##### Extracted material

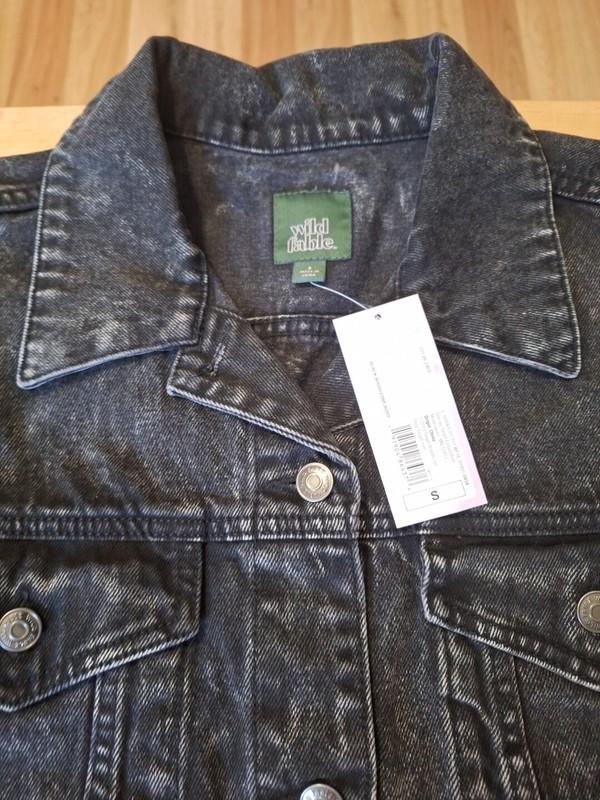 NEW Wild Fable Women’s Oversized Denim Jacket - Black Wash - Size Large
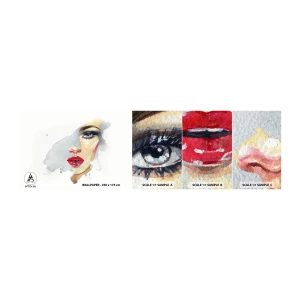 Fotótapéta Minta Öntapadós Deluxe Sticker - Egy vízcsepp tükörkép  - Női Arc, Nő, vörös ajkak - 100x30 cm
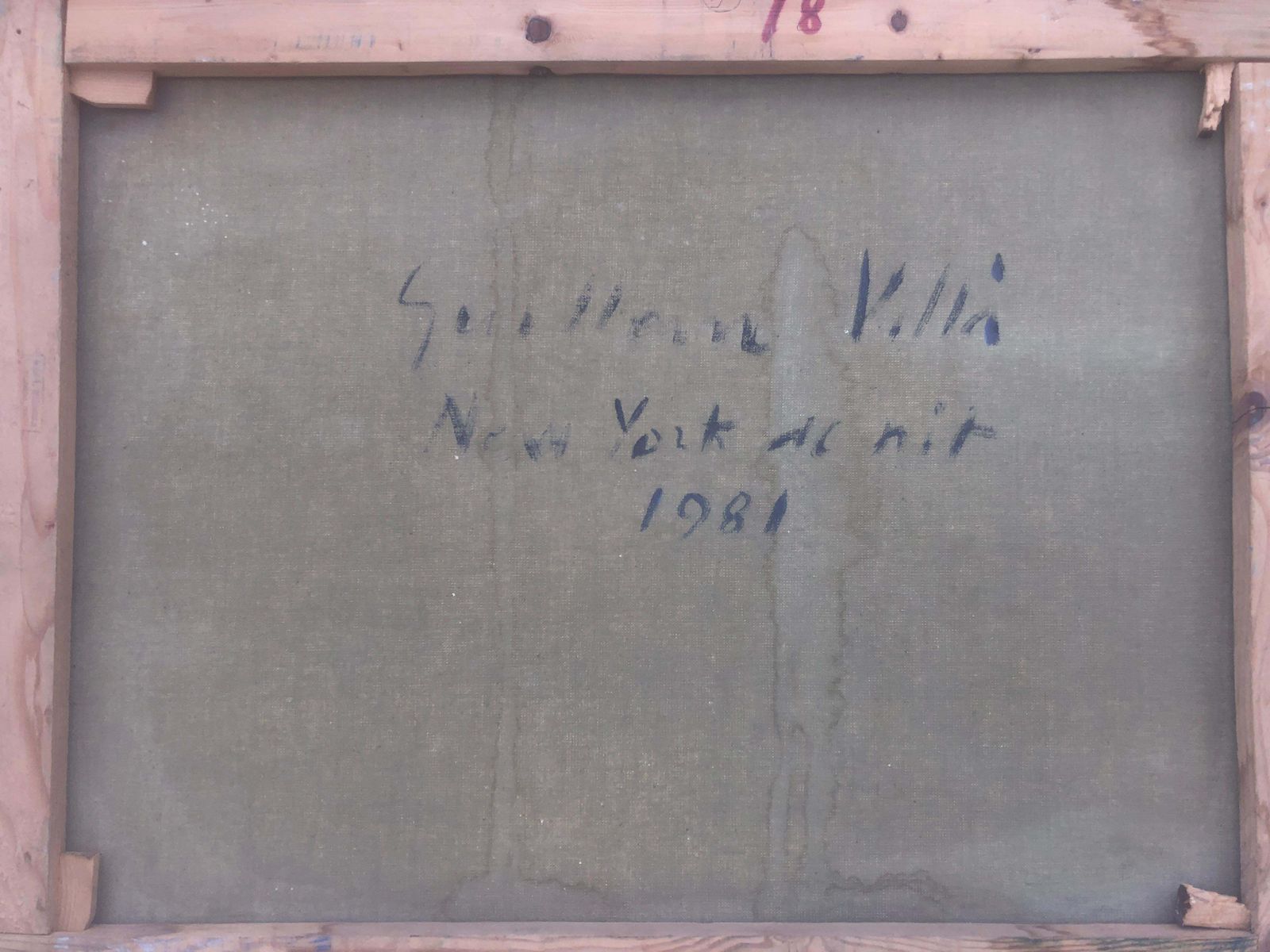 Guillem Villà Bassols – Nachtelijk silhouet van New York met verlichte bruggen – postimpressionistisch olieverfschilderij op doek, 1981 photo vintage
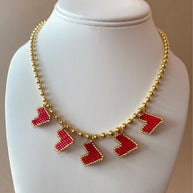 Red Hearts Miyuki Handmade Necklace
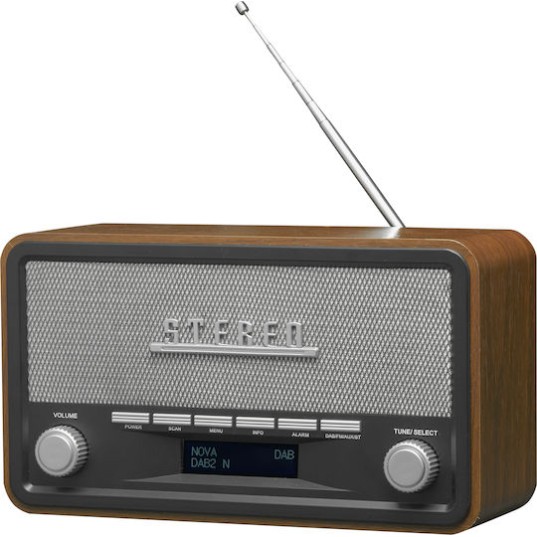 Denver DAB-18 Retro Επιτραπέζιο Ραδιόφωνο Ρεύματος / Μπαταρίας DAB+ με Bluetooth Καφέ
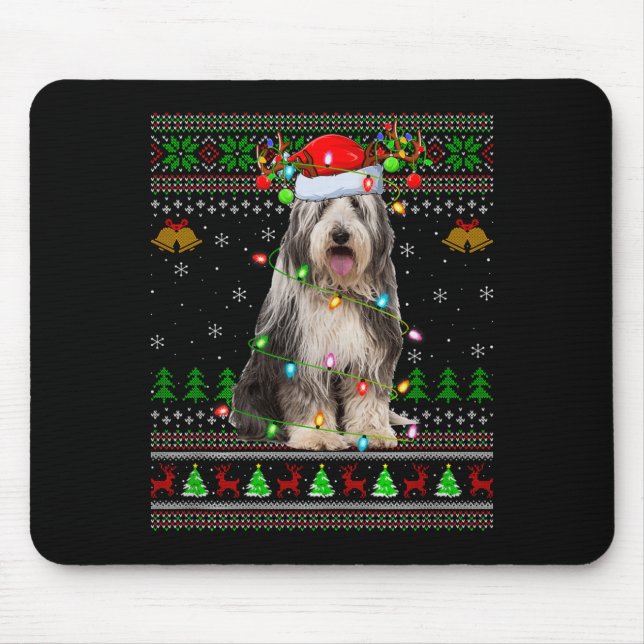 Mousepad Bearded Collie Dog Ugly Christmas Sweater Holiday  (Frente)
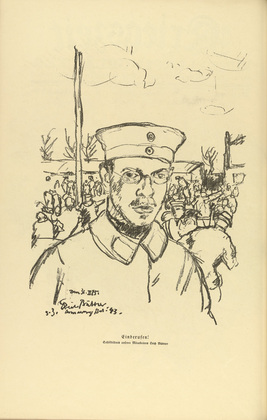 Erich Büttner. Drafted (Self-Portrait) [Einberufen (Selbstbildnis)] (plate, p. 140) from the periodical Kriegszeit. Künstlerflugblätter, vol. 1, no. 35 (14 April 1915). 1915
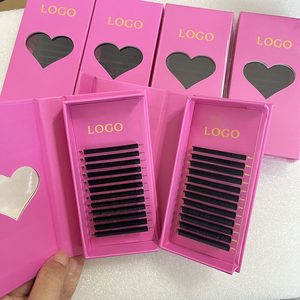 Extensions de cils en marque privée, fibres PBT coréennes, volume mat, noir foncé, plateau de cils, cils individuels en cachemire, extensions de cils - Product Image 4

##########

### The task
Exact copy, pictures excluded: every line above from the one containing "Guillem Villà Bassols" to the one containing "Mousepad Bearded Collie", inclusive, and nothing more.

### Answer space
 Guillem Villà Bassols – Nachtelijk silhouet van New York met verlichte bruggen – postimpressionistisch olieverfschilderij op doek, 1981 photo vintage
 Red Hearts Miyuki Handmade Necklace
 Denver DAB-18 Retro Επιτραπέζιο Ραδιόφωνο Ρεύματος / Μπαταρίας DAB+ με Bluetooth Καφέ
 Mousepad Bearded Collie Dog Ugly Christmas Sweater Holiday  (Frente)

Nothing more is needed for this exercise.